After he has murdered a man by shutting him in a walk-in refrigerator in Britain, disguising it as an accident, to his surprise, the police start searching for clues: “It turned out that some smart alec young detective had decided to cover his arse when he learned of the notoriety of the victim.” (page 125)
After he has murdered in Cyprus: “H should have been delighted, but when I rang him the next day to let him know how it had gone he'd just heard from a contact in north Cyprus that the police had got hold of a description of me and were trying to identify who I was.”
“In my research, I discovered that he had at different times been an informant for Mossad, the DEA and British intelligence” (page 235)
Another example is in Spain, where again in a way not explained, he obtains intelligence on his victim, including related police investigations. “I soon established my next victim's mundane routine life, as well as his healthy and not so healthy habits. There were loads of creditors closing in on him. some were high street banks, while others were the type who come and collect their money if you don't pick up the phone.”...“I discovered that the police were studying allegations from one of his former business partners that he was a the centre of a massive money laundering ring.” (page 161)
Links to so-called “intelligence agencies”
“Those three jobs actually turned out to be our only commissions for nearly two years, as 9/11 sparked a shutdown of many major criminal activities.” ... “The security services in the UK and US, whom H had links to, also didn't want any jobs to be carried out during that sensitive period because of everything going on following those terror attacks. They were obviously hyper-sensitive about anyone finding out about their connections to us.” (page 109)
“He joked about how he'd met a contact high up in the UK government recently and discovered I had an unofficial nickname in the spy world: “The Ghost”. I wasn't amused, because I couldn't understand how anyone was even aware of my existence.” (page 198)
“H eventually spoke to another contact whom he described as being “very high up” in the UK government. This man said that Mossad had been shadowing the legal-high scientist for two years because he had helped develop nerve gas for the Israelis and had tried to sell the same formula to the Saudis.”

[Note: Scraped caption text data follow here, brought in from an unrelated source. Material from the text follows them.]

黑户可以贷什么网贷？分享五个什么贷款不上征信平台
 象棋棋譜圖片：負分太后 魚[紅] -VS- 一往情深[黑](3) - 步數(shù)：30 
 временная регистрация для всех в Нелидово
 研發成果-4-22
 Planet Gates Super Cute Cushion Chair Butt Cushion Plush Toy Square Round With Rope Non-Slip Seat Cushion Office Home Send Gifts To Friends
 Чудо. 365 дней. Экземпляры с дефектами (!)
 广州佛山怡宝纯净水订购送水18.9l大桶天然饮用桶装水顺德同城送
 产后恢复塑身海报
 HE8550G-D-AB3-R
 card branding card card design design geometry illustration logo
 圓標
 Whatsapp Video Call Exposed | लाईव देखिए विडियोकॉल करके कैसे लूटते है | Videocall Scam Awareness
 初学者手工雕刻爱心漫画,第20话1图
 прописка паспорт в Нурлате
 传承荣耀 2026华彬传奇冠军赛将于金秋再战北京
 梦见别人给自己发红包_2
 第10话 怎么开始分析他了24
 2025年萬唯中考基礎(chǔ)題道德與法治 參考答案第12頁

“H promised to talk to his mate at MI6 and see if he could get Mossad to ease off.” (page 206)
“It wasn't until a few weeks later that H admitted that Mossad had commissioned the kill after H struck a deal with them in return for them not pursuing us over the death of that Israeli scientist.”
At the end of his story, he is visited by two men from MI6, as described above.
There are also other references, including to the USA's CIA as noted above and to the USA's DEA (drug enforcement agency) and Spain's CNI (Centro National de Inteligencia).